Contro l’oppressione sessista
- La ristrutturazione dello Stato capitalista è particolarmente
brutale nel campo sociale. Sono prima di tutto le donne che perdono
posti di lavoro. E sono le donne che raccolgono i cocci dei danni
causati dagli altri con il loro lavoro benevolo.
- Le donne guadagnano meno, ma svolgono la maggior parte del lavoro
compiuto nella società. Basta! Riduzione del tempo di lavoro
salariato, divisione dei compiti domestici, lotta contro le violenze
domestiche!
Contro le discriminazioni razziste e uguali diritti per tutti!
- Fine della repressione crescente e delle discriminazioni razziste
nei confronti dei migranti. No agli accordi di Schengen e di Dublino.
Diritto soggiorno per tutti e tutte. Nessun* è illegale!
- No al dumping salariale e sociale in Svizzera, nell’Unione
Europea e in tutto il mondo. Per la libertà di circolazione.
Stessi diritti politici e sociali per tutti/e, veri diritti per
i salariati e le salariate e per il miglioramento delle condizioni
di vita di tutti e tutte. Per una lotta comune di tutti/e i lavoratori
e le lavoratrici in Svizzera, nell’Unione Europea e nel mondo
intero contro la politica del capitale
Contro
le guerre imperialiste e l’occupazione dell’Iraq!
- Fine della violenza contro la popolazione irachena. Ritiro incondizionato
delle truppe americane e dei loro alleati dall’Iraq.

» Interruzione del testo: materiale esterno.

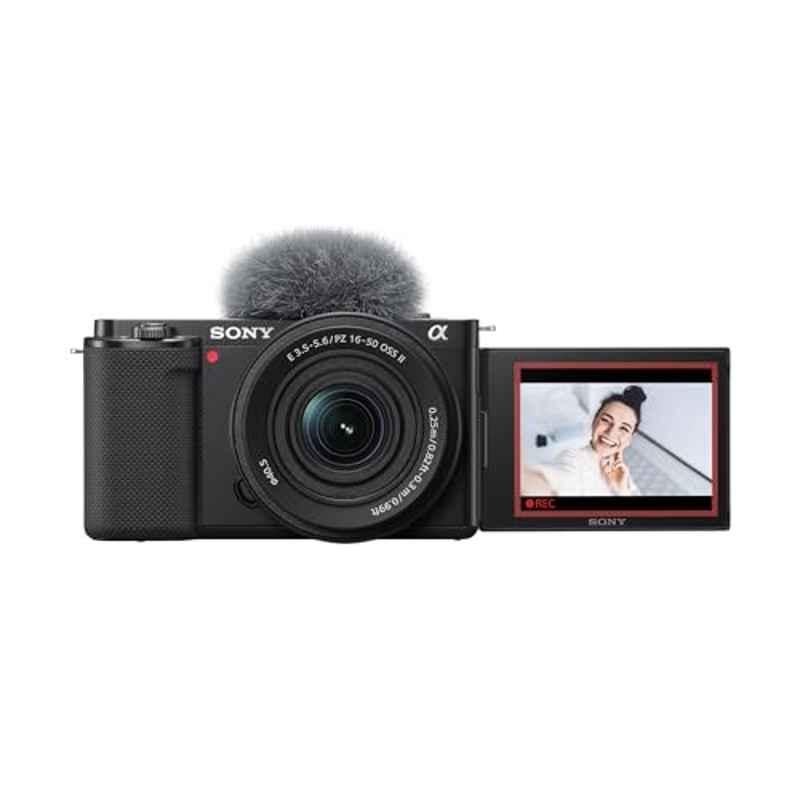 Sony Alpha ZV-E10K 24.2 MP Black Interchangeable Lens Mirrorless Camera with APS-C Sensor & 4K Movie Recording, ZV-E10K/WQ IN5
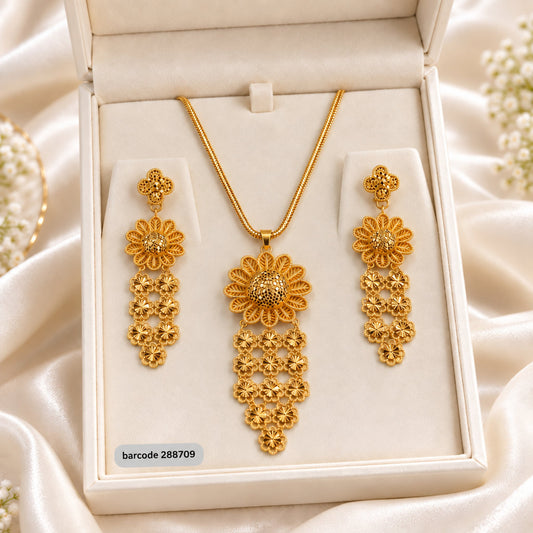 Gold Plated Madrasi Set -43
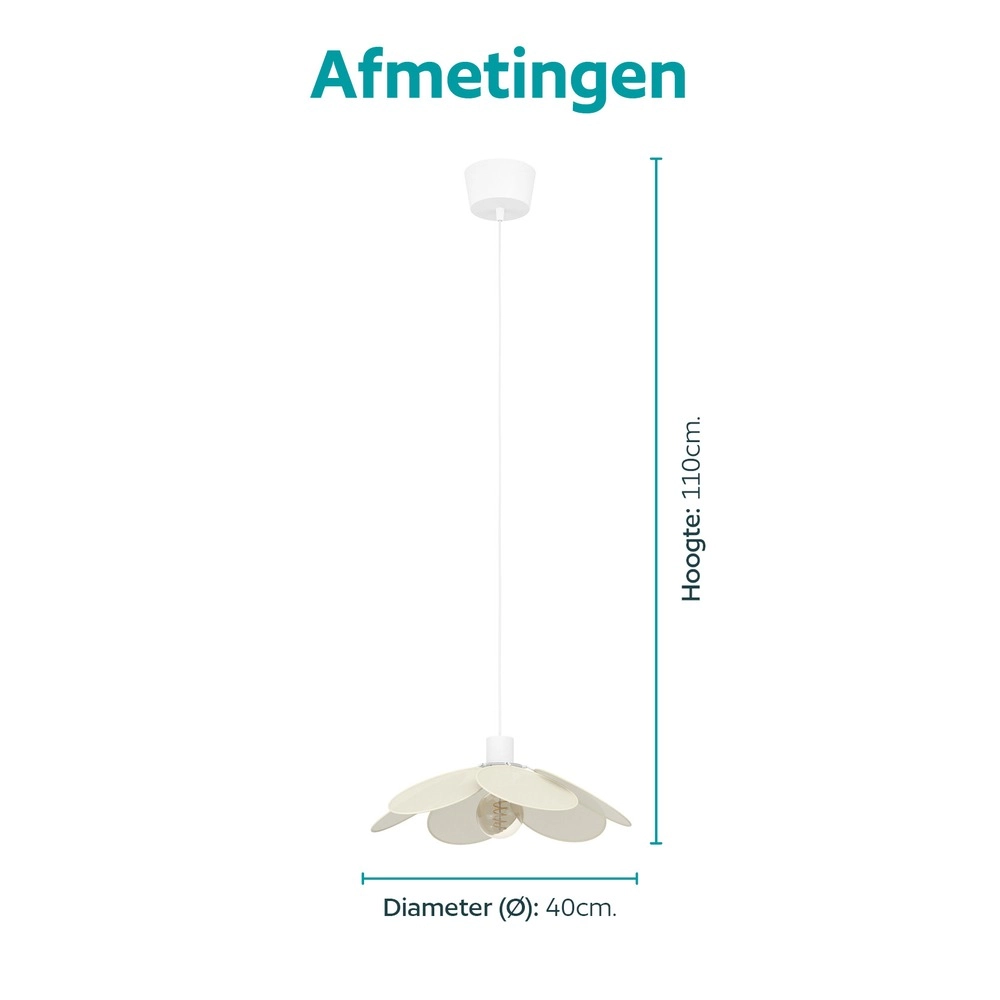 Pendellampe Binacua weiße Ø 40cm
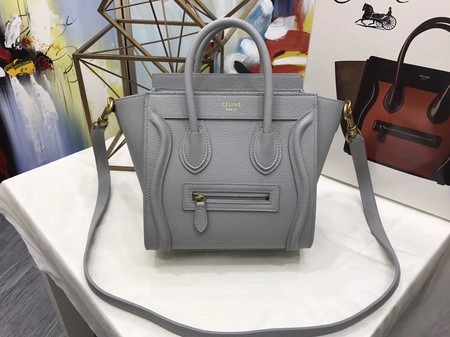 Celine Luggage Nano Tote Bag Original Leather CA3560 Grey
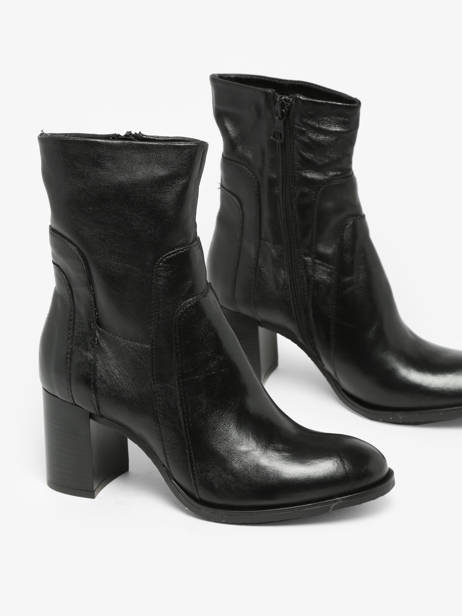 Heeled Boots In Leather Mjus Black women P26206 other view 3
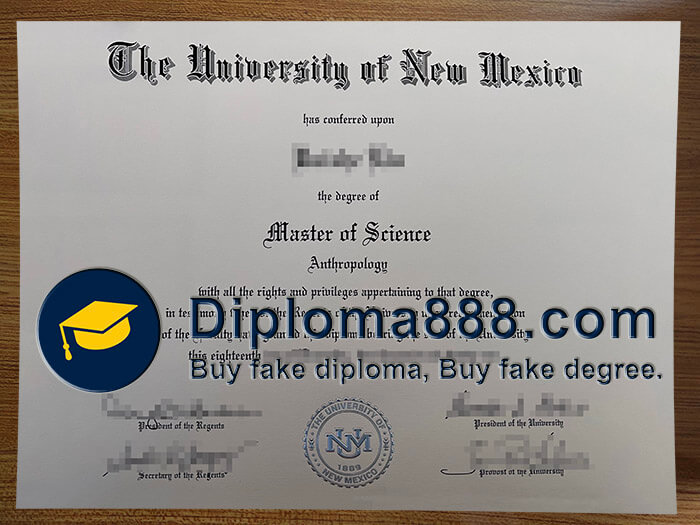 buy fake University of New Mexico degree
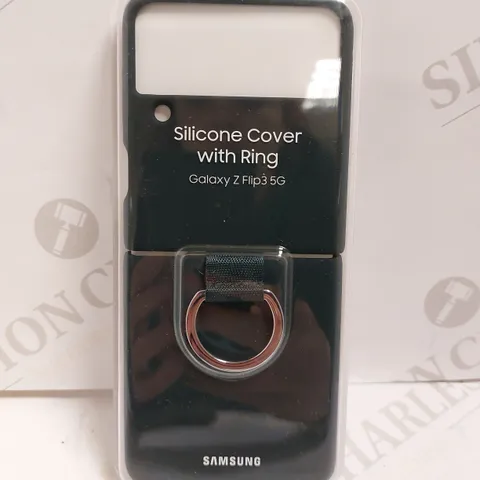 SAMSUNG SILICONE COVER WITH RING - GALAXY Z FLIP3 5G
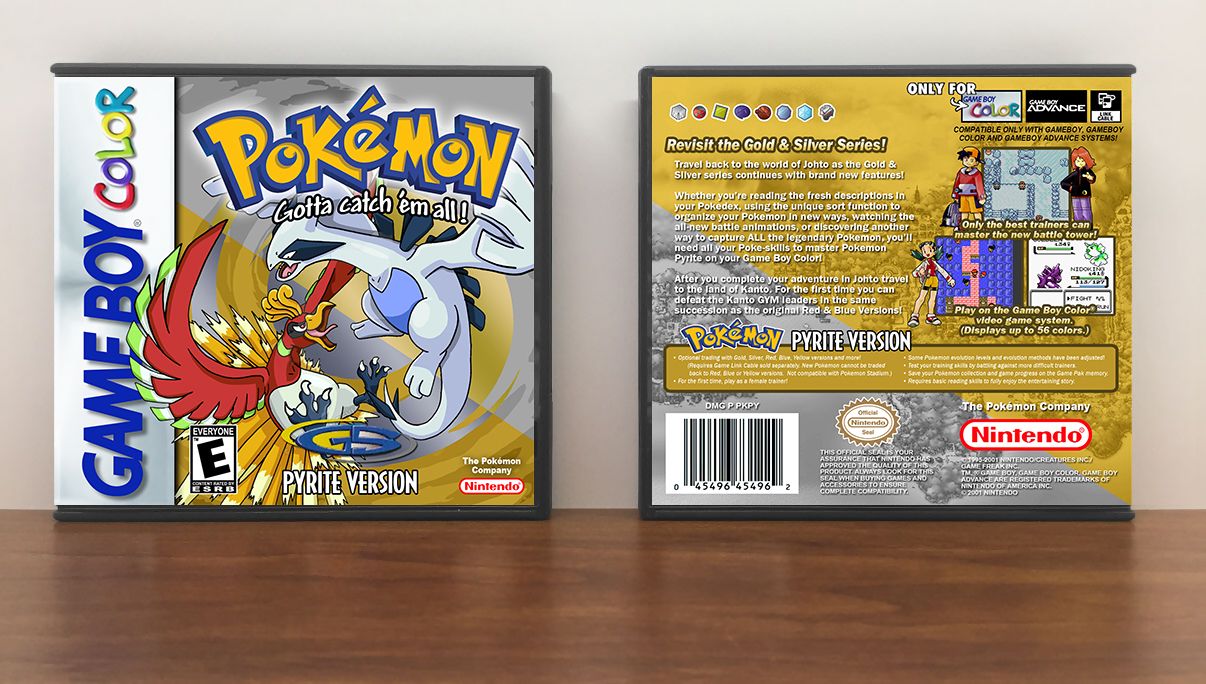 Pokemon Pyrite, Artwork Spine Color: Chrome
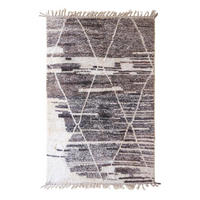 BERBERTEPPICH Boujaad handgewebt 200x 300 cm - Grau, Naturmaterialien (200/300cm) - AFK Living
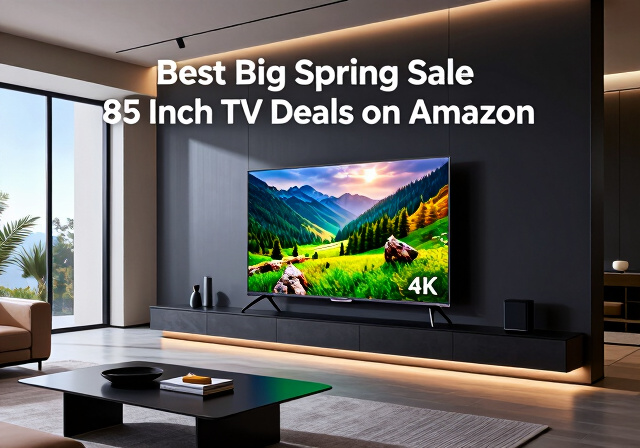 Best Big Spring Sale 85 Inch TV Deals on Amazon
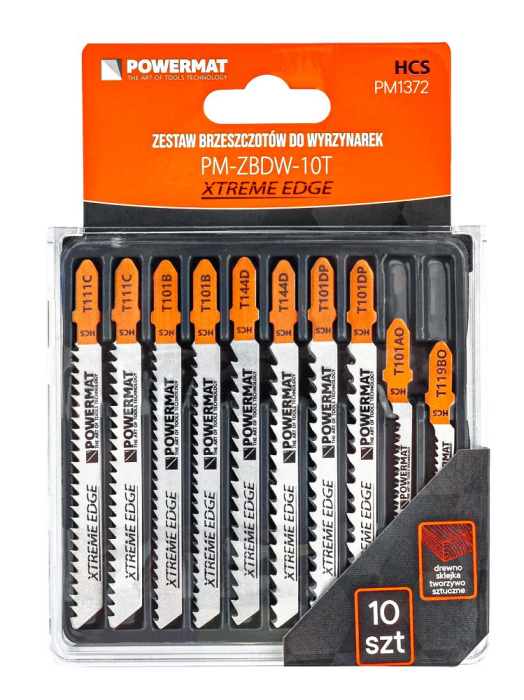 Set 10 panze pentru ferastrau pendular prindere tip T PM1372 (PM-ZBDW-10T) [2]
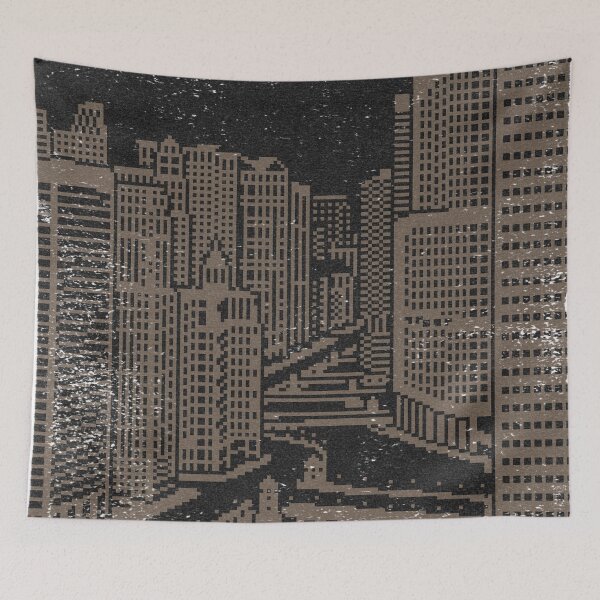 Item preview, Chicago River Pixel Art - Coal + Earth designed and sold by Irene Estelle.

Nessun
regime d’occupazione sanzionato dell’ONU.
- Contro il nuovo ordine mondiale basato sulla guerra, con i suoi
protettorati neocoloniali in Afghanistan, nei Balcani, ad Haiti,
in Iraq, in Palestina, in Cecenia e in Africa.
- No al muro dell’apartheid in Palestina.
- Per il diritto all’autodeterminazione delle genti nel mondo
intero.
Firmatari del presente appello (stato al 6.12.04):
Aktion
ungehorsamer Studierender (AUS), Berna; Antifa Bern; Anti-WTO-Koordination
Bern, Ticino; Arti- Fri-Ciel, Fribourg; Movimento per il Socialismo
(MPS); Collettivo Zapatista, Lugano; C.S.A. il Molino, Lugano; DaDavos
Chur, Direkte Solidarität mit Chiapas, Zürich; F.A.M.
Frauengruppe gegen Sexismus &
Rassismus, Berna; Freie ArbeiterInnen Union (FAU), Svizzera; Globalisierungskritiker,
Turgovia; Grüne Partei Bern Demokratische Alterrnative (GPB-DA);
Gruppe Landquart, Berna; Gruppe Roter Autonome (GRA), Zurich; Infoladen
Kasama, Zurigo; Momo Rebel, Mendrisio; Revolutionärer Aufbau
Schweiz; Roter Faden, Basilea; Villa Rosenau, Basilea.